▸ DATA FOR THE TASK
┄┄┄┄┄┄
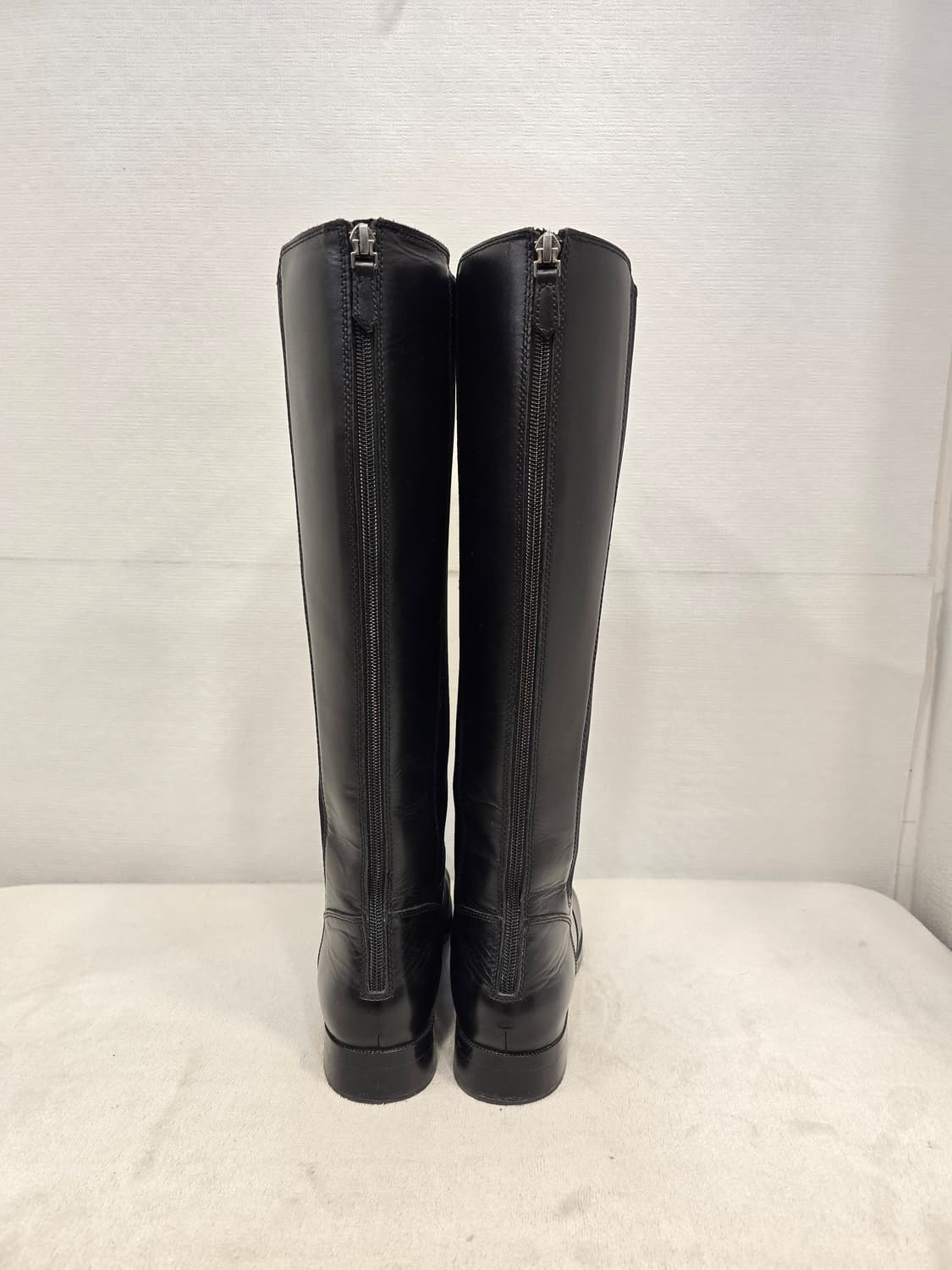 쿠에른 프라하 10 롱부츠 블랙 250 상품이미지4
┄┄┄┄┄┄
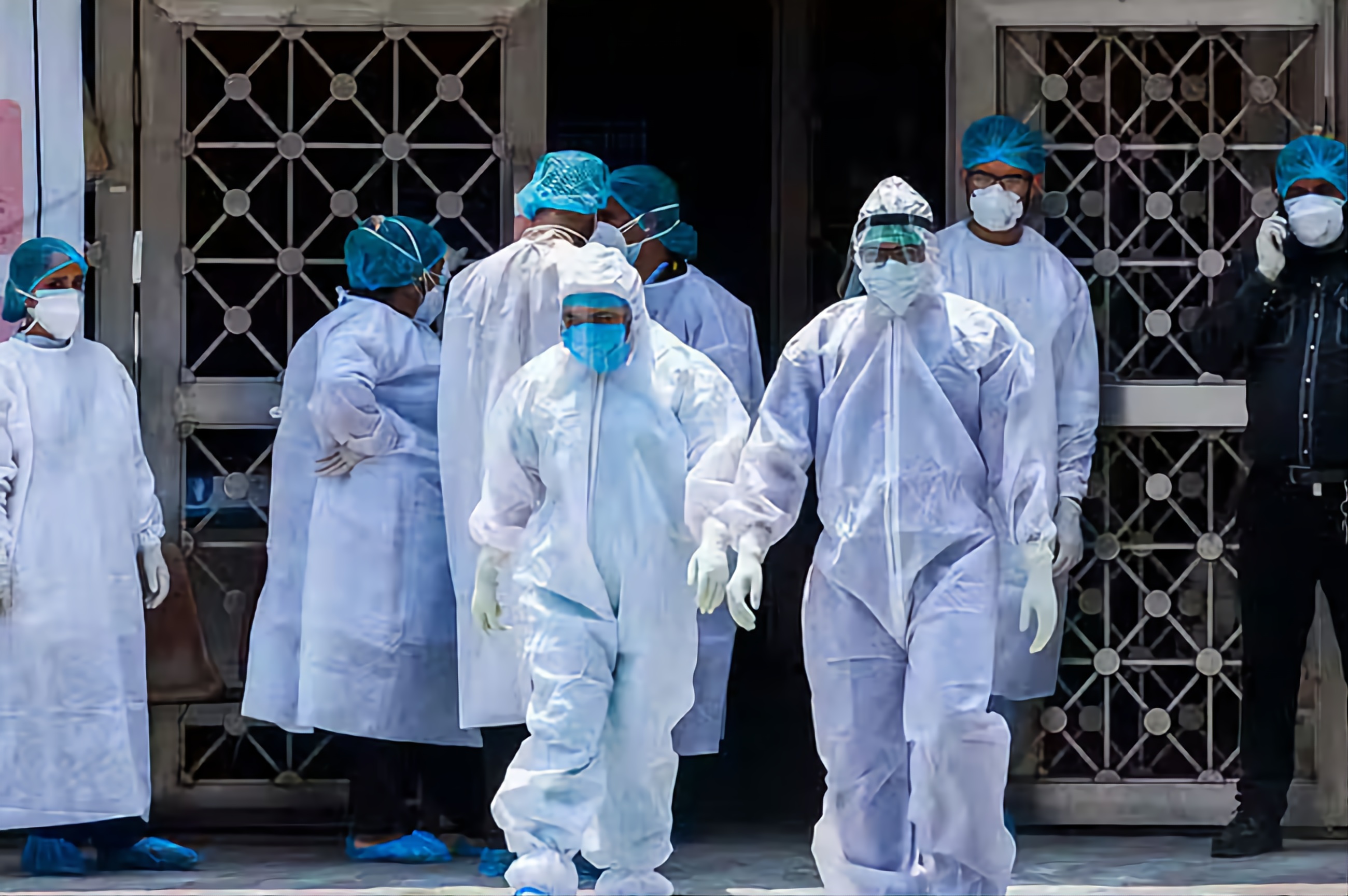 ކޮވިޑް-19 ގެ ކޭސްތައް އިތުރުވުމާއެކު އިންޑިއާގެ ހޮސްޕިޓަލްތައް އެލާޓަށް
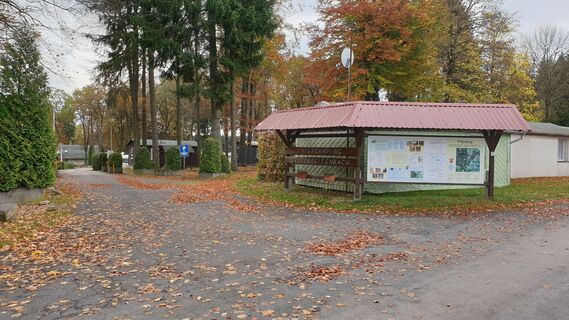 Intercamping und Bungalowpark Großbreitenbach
┄┄┄┄┄┄
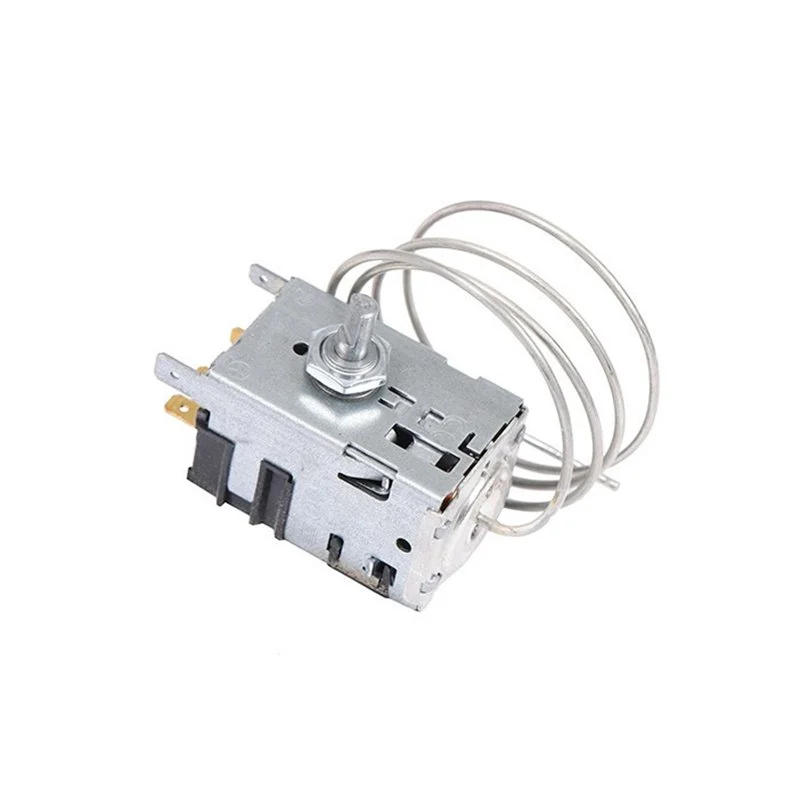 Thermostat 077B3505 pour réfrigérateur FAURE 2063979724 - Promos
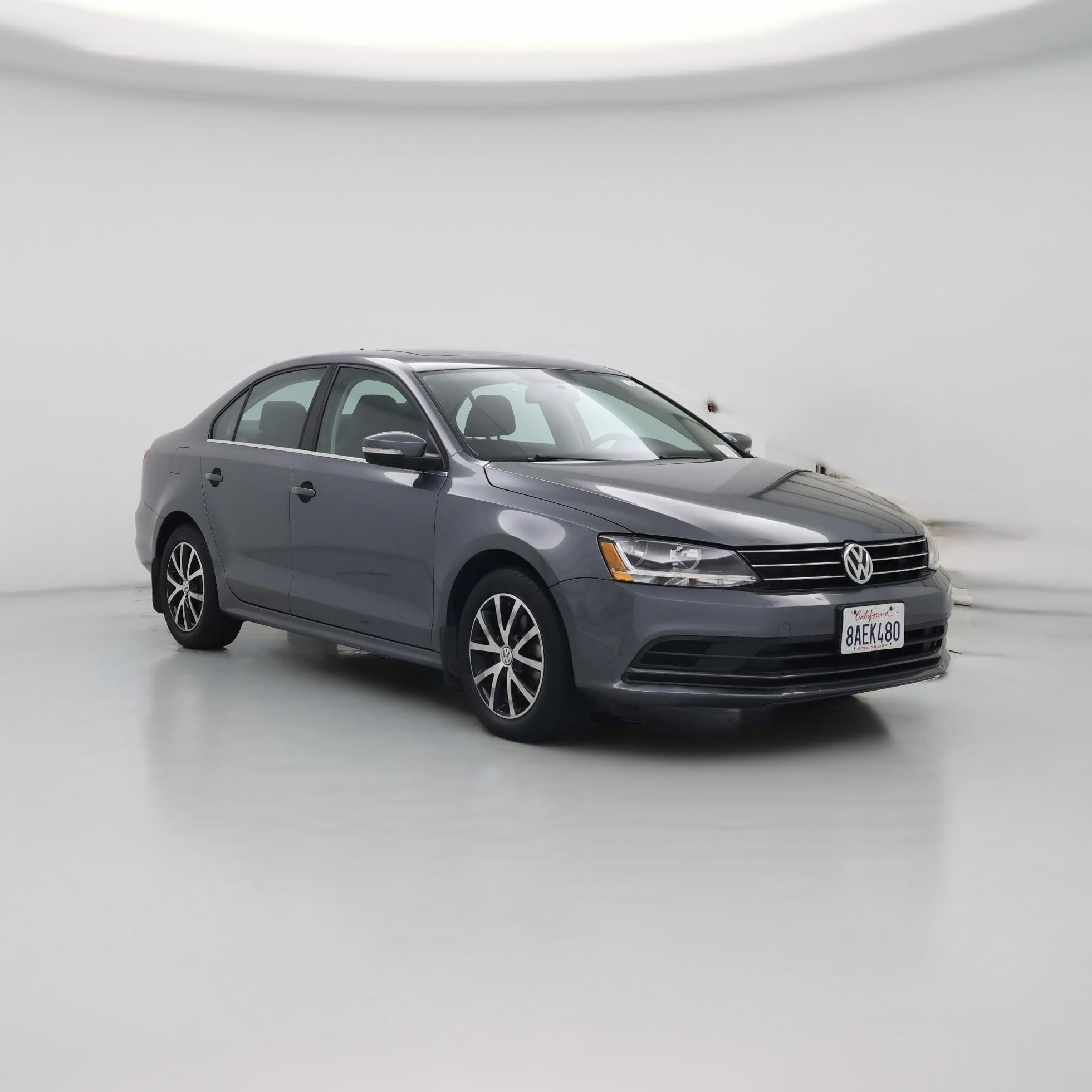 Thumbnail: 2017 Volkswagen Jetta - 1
┄┄┄┄┄┄
Though the entries above contain pictures, none should be copied; reproduce only the lines between the one holding "Thermostat 077B3505 pour" and the one holding "Thumbnail: 2017 Volkswagen Jetta - 1", inclusive, exactly as written.

 Thermostat 077B3505 pour réfrigérateur FAURE 2063979724 - Promos
 Thumbnail: 2017 Volkswagen Jetta - 1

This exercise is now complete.